**Input data**

---

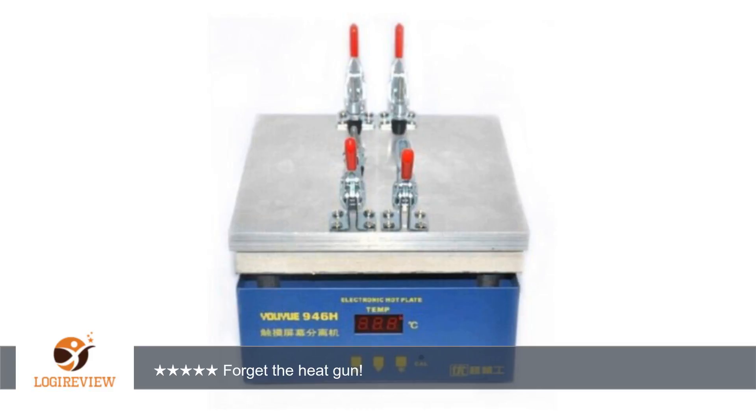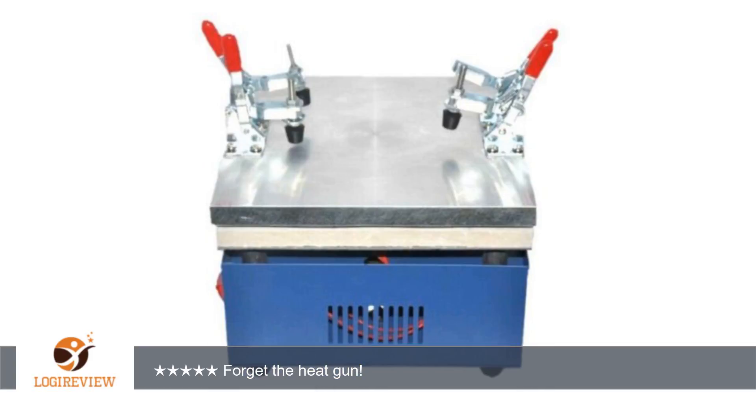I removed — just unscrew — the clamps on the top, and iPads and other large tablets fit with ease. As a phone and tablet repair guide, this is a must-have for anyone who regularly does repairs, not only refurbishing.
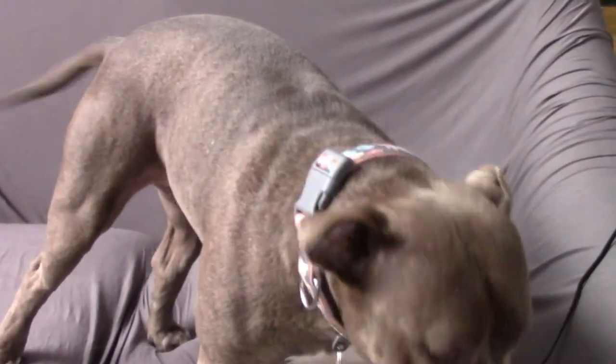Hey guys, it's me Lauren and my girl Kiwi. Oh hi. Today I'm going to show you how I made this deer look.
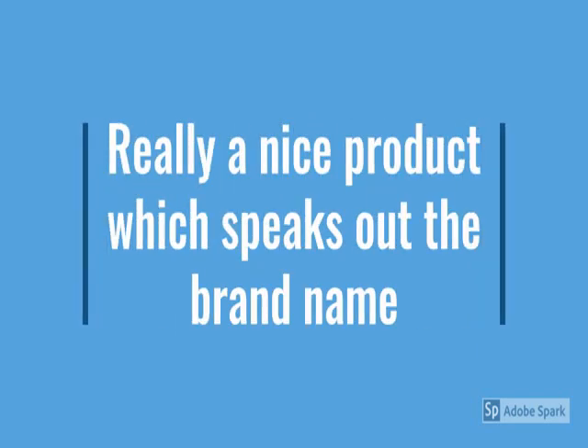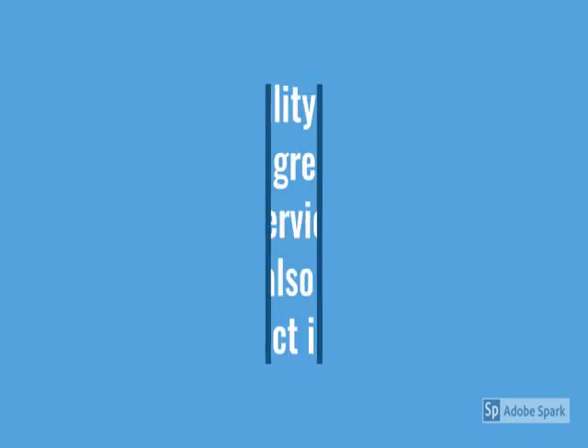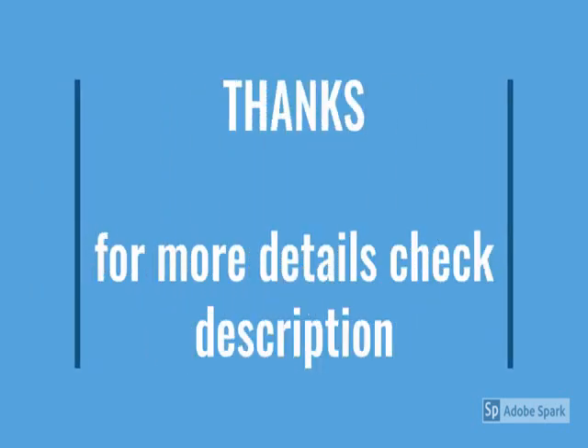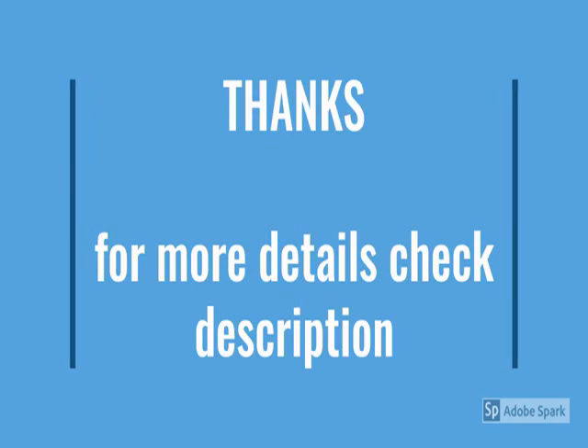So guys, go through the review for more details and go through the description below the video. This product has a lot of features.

---

**Try it**
Keep the pictures out, and write out the rest of the data above word for word.

**Reply to the exercise**
I removed — just unscrew — the clamps on the top, and iPads and other large tablets fit with ease. As a phone and tablet repair guide, this is a must-have for anyone who regularly does repairs, not only refurbishing.
Hey guys, it's me Lauren and my girl Kiwi. Oh hi. Today I'm going to show you how I made this deer look.
So guys, go through the review for more details and go through the description below the video. This product has a lot of features.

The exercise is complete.